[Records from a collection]
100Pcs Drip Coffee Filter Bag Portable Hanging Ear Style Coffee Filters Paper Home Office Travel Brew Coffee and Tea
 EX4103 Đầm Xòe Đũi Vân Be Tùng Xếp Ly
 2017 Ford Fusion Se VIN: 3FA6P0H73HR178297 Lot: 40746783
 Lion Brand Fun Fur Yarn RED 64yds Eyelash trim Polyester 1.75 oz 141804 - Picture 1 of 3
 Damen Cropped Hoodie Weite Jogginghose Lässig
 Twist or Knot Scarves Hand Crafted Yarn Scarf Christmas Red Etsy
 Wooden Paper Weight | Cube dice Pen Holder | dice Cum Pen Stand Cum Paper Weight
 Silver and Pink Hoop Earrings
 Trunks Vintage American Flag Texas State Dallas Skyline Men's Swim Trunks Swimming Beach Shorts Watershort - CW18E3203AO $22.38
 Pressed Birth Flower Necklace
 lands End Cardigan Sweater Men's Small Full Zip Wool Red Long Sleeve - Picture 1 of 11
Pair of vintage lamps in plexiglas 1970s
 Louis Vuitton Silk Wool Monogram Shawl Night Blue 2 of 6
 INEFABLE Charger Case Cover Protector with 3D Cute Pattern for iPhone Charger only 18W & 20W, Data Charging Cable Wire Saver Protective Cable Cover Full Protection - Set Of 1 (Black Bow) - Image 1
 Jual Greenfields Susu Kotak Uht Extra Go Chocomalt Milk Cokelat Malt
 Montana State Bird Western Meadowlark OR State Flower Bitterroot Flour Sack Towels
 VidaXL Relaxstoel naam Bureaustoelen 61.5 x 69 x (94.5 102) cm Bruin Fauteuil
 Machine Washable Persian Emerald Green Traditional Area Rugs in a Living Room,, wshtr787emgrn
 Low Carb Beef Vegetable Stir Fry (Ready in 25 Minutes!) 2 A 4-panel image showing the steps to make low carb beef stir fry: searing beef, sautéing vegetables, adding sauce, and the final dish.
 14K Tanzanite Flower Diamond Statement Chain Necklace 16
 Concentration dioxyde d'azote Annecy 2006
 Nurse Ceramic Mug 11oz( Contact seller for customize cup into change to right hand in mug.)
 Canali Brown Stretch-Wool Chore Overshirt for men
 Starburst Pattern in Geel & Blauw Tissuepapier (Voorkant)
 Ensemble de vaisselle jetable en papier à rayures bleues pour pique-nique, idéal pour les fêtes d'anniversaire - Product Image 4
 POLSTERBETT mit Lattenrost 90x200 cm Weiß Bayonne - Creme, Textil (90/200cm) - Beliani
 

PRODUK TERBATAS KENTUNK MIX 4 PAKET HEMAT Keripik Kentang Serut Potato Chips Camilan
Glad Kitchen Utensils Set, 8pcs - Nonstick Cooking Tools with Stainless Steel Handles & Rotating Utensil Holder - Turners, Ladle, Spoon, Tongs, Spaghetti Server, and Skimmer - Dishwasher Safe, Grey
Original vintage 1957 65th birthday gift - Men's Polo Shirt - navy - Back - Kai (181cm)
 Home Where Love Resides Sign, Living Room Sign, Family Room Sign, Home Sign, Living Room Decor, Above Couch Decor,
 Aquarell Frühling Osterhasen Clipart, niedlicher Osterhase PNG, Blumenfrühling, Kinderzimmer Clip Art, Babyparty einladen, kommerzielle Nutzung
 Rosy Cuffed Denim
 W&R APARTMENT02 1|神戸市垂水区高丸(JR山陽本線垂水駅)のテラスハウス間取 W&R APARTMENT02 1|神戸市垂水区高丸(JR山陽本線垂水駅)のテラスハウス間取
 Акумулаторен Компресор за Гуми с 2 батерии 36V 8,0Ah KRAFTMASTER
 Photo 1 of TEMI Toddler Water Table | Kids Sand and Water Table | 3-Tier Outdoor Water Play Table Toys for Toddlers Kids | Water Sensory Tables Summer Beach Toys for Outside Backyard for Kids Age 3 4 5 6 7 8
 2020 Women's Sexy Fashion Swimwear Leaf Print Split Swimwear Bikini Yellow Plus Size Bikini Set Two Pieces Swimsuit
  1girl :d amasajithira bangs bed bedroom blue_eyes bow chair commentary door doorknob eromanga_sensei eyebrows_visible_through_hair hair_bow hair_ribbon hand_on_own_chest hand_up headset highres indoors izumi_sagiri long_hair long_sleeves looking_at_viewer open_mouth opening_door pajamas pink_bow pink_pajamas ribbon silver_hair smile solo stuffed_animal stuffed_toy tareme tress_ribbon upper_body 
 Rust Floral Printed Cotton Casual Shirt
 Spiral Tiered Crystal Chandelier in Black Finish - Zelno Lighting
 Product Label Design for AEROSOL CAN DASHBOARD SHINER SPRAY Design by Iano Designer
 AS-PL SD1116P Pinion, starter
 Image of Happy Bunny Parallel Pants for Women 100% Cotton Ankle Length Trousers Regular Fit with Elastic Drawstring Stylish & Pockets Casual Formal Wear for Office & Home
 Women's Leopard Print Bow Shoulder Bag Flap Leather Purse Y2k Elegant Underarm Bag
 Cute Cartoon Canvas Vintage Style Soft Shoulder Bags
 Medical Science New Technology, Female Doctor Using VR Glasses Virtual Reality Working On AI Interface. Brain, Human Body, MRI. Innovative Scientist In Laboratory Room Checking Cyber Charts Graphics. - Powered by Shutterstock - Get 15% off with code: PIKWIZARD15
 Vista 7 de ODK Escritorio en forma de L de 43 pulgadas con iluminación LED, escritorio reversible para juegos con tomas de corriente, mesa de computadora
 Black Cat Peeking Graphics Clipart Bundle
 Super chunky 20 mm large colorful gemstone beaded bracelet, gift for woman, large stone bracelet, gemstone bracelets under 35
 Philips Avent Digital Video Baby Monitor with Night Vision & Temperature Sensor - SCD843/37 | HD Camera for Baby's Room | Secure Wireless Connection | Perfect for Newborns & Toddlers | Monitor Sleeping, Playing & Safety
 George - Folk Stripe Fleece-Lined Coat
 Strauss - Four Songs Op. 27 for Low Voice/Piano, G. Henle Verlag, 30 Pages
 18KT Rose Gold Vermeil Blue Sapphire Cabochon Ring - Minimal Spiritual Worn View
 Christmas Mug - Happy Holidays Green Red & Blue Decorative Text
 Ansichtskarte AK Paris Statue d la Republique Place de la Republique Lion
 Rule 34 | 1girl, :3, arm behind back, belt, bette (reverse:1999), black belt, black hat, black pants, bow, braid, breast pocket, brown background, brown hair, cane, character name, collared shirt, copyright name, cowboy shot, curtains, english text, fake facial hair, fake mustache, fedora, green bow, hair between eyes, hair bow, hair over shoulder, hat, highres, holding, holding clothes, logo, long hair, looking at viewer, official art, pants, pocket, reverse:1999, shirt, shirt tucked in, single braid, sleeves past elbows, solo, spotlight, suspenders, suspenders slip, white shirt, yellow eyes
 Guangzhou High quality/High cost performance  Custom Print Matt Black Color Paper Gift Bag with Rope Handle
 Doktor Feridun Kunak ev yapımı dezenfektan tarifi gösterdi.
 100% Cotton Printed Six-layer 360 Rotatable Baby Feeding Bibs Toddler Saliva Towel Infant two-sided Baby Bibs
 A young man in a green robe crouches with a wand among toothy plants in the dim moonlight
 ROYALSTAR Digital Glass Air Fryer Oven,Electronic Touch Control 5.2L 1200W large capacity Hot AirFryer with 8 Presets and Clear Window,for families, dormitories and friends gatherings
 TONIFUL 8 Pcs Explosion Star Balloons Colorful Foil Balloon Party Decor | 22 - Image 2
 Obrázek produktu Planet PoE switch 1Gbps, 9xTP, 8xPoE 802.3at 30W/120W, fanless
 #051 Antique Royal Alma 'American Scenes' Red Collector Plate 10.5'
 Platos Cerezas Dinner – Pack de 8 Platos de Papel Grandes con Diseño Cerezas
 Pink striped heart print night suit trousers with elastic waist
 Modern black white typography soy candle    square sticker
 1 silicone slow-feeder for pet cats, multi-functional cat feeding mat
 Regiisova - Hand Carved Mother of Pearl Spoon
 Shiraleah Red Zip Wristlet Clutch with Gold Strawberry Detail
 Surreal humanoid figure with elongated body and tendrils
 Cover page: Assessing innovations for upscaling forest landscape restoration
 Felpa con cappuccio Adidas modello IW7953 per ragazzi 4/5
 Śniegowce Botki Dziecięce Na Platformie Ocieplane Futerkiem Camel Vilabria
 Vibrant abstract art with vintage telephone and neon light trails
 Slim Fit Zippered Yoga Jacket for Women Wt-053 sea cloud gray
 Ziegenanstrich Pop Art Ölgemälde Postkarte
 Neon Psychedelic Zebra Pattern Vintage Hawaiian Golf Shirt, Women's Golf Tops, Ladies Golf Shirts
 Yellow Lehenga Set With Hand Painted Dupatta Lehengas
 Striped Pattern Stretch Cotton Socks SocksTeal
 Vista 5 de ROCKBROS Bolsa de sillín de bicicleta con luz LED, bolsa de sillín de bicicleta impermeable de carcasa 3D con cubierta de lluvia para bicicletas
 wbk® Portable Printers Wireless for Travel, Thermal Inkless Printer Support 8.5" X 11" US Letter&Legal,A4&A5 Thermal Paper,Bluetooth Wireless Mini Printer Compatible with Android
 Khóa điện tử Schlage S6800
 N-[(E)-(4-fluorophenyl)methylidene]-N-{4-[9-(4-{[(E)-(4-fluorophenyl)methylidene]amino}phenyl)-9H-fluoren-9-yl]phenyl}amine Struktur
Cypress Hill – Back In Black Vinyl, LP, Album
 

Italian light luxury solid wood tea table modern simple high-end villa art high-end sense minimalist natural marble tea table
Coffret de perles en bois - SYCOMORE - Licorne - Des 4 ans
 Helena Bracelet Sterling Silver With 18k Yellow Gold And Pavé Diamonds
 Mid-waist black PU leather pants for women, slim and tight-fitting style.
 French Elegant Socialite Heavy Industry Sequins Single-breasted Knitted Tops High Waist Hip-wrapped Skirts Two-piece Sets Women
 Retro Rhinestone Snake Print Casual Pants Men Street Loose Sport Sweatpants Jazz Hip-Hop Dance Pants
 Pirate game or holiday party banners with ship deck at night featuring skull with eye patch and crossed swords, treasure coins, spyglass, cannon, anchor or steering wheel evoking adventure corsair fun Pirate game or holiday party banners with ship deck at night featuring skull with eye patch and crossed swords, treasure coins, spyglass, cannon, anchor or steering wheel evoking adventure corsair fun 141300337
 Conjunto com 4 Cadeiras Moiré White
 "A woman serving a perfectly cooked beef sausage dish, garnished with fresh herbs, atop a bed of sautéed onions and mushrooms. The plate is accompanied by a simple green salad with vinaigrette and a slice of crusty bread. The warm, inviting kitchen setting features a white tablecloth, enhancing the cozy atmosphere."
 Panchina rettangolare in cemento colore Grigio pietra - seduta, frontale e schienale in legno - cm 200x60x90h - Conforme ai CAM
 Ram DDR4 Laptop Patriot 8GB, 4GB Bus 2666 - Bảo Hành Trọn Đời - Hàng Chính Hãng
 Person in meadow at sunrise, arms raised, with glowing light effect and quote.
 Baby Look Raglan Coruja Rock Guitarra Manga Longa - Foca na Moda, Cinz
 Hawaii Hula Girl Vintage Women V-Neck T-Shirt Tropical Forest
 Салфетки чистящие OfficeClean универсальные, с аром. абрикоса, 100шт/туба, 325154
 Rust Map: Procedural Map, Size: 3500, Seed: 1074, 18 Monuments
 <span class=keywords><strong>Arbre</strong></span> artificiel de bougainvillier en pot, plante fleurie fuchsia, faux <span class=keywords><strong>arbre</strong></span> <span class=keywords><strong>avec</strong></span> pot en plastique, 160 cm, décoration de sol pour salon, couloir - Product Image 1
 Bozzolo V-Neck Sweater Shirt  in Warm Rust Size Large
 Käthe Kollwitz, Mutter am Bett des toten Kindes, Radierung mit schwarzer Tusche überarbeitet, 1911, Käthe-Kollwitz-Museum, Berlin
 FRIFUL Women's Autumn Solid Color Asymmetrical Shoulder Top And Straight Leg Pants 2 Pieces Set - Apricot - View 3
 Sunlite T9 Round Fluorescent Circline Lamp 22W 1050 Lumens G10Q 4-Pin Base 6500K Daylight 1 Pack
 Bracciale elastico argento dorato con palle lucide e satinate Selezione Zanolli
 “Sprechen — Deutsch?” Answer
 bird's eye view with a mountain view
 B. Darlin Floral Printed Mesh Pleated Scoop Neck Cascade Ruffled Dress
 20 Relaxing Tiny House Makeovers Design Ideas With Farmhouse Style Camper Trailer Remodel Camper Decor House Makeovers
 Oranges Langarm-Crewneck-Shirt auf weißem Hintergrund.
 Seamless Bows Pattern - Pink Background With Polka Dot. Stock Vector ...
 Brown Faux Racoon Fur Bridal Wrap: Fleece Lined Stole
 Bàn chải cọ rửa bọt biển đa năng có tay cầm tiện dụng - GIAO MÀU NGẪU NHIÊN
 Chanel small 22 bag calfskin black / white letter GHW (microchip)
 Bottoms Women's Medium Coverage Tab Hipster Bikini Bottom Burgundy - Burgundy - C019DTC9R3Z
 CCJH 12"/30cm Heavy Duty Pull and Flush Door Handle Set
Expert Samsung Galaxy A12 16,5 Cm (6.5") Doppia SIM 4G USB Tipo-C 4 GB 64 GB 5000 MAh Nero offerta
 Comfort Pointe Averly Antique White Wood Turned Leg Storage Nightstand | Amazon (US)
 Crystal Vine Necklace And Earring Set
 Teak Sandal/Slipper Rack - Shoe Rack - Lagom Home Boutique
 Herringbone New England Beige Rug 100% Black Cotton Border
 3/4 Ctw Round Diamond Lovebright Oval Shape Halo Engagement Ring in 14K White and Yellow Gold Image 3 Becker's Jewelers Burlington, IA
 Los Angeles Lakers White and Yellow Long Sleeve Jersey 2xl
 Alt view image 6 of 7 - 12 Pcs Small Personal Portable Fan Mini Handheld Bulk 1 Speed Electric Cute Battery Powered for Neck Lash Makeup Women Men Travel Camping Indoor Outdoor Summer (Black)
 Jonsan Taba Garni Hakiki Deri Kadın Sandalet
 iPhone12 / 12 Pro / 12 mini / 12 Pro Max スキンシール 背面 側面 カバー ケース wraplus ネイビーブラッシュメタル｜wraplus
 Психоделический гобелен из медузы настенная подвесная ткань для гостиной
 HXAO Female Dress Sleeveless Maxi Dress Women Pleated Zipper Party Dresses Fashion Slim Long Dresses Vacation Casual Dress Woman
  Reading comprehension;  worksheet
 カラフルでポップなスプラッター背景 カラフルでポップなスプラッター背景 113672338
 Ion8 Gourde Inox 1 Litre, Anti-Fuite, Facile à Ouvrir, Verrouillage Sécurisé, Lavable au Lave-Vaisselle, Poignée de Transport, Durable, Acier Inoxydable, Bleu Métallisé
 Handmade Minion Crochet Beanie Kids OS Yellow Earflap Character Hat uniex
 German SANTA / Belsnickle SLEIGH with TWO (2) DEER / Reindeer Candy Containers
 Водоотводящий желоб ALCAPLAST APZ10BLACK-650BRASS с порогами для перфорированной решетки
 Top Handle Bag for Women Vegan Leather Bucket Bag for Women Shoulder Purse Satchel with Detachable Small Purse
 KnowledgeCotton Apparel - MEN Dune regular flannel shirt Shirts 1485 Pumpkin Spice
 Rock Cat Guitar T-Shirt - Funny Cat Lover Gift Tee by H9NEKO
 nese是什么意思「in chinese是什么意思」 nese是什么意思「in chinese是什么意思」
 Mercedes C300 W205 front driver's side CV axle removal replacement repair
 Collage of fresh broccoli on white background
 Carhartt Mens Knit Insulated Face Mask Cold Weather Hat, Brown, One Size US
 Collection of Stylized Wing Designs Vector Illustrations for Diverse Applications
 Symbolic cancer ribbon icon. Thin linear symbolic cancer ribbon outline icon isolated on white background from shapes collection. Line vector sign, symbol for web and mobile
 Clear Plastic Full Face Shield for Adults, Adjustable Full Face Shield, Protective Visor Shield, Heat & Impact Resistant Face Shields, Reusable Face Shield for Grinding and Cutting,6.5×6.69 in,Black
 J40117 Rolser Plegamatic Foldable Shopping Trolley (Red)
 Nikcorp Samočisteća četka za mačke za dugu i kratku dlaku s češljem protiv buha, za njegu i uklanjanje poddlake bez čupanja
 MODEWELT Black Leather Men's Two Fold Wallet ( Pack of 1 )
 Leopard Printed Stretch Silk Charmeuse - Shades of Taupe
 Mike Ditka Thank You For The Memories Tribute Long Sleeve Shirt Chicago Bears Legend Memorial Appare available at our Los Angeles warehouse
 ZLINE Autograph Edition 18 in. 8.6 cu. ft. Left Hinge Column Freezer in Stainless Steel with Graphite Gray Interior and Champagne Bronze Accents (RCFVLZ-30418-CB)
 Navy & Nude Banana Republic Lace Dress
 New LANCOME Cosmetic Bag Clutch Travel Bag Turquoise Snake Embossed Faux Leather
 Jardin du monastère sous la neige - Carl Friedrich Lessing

### Exercise directions
Look above for the line holding "Modern black white" and the line holding "Vista 5 de ROCKBROS", then output exactly those two lines and every line between them, nothing more.

### Response to this exercise
 Modern black white typography soy candle    square sticker
 1 silicone slow-feeder for pet cats, multi-functional cat feeding mat
 Regiisova - Hand Carved Mother of Pearl Spoon
 Shiraleah Red Zip Wristlet Clutch with Gold Strawberry Detail
 Surreal humanoid figure with elongated body and tendrils
 Cover page: Assessing innovations for upscaling forest landscape restoration
 Felpa con cappuccio Adidas modello IW7953 per ragazzi 4/5
 Śniegowce Botki Dziecięce Na Platformie Ocieplane Futerkiem Camel Vilabria
 Vibrant abstract art with vintage telephone and neon light trails
 Slim Fit Zippered Yoga Jacket for Women Wt-053 sea cloud gray
 Ziegenanstrich Pop Art Ölgemälde Postkarte
 Neon Psychedelic Zebra Pattern Vintage Hawaiian Golf Shirt, Women's Golf Tops, Ladies Golf Shirts
 Yellow Lehenga Set With Hand Painted Dupatta Lehengas
 Striped Pattern Stretch Cotton Socks SocksTeal
 Vista 5 de ROCKBROS Bolsa de sillín de bicicleta con luz LED, bolsa de sillín de bicicleta impermeable de carcasa 3D con cubierta de lluvia para bicicletas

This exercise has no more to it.